Voltage overscaling, or undervolting, is an enticing approximate technique in the context of energy-efficient Deep Neural Network (DNN) acceleration, given the quadratic relationship between power and voltage. Nevertheless, its very high error rate has thwarted its general adoption. Moreover, recent undervolting accelerators rely on 8-bit arithmetic and cannot compete with state-of-the-art low-precision (<8b) architectures. To overcome these issues, we propose a new technique called Guarded Aggressive underVolting (GAV), which combines the ideas of undervolting and bit-serial computation to create a flexible approximation method based on aggressively lowering the supply voltage on a select number of least significant bit combinations. Based on this idea, we implement GAVINA (GAV mIxed-precisioN Accelerator), a novel architecture that supports arbitrary mixed precision and flexible undervolting, with an energy efficiency of up to 89 TOP/sW in its most aggressive configuration.

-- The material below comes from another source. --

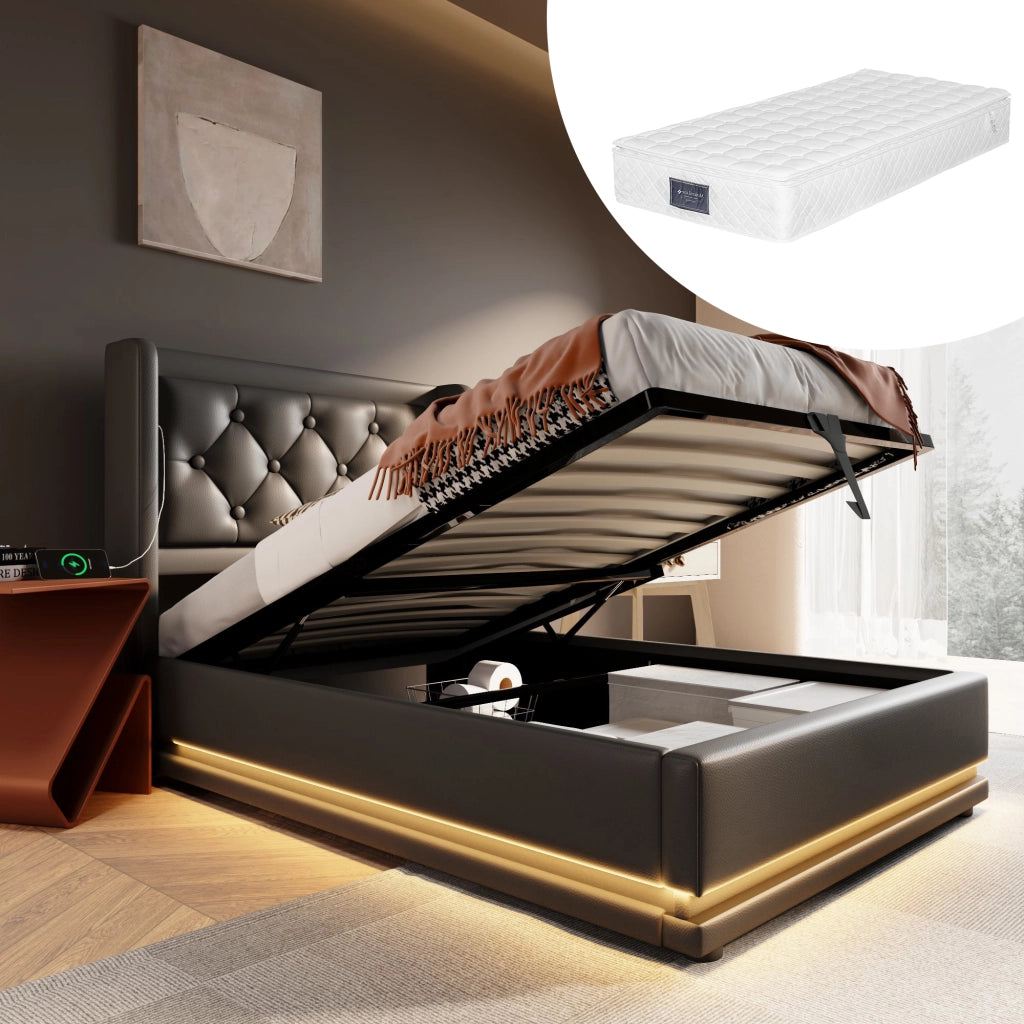 LETTO imbottito 90x200 cm in PU nero con USB Tipo C e LED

By developing an error model of GAVINA, we show that GAV can achieve an energy efficiency boost of 20% via undervolting, with negligible accuracy degradation on ResNet-18.

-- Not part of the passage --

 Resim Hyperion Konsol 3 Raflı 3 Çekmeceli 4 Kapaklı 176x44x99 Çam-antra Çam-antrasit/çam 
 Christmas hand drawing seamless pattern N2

翻译：电压过缩放（或称降压）因其功率与电压间的二次方关系，在能效优化的深度神经网络（DNN）加速领域中是一种极具吸引力的近似计算技术。然而，其极高的错误率阻碍了该技术的广泛应用。此外，现有的降压加速器多依赖8位算术运算，难以与当前先进的低精度（<8位）架构竞争。为突破这些限制，我们提出一种名为“防护型激进降压”（Guarded Aggressive underVolting, GAV）的新技术，该技术融合了降压策略与位串行计算思想，通过针对选定最低有效位组合实施激进降压，形成一种灵活的近似计算方法。基于此理念，我们实现了GAVINA（GAV mIxed-precisioN Accelerator）——一种支持任意混合精度与灵活降压的新型架构，在最激进配置下能效可达89 TOP/sW。通过建立GAVINA的误差模型，我们证明GAV技术可通过降压实现20%的能效提升，且在ResNet-18网络上的精度损失可忽略不计。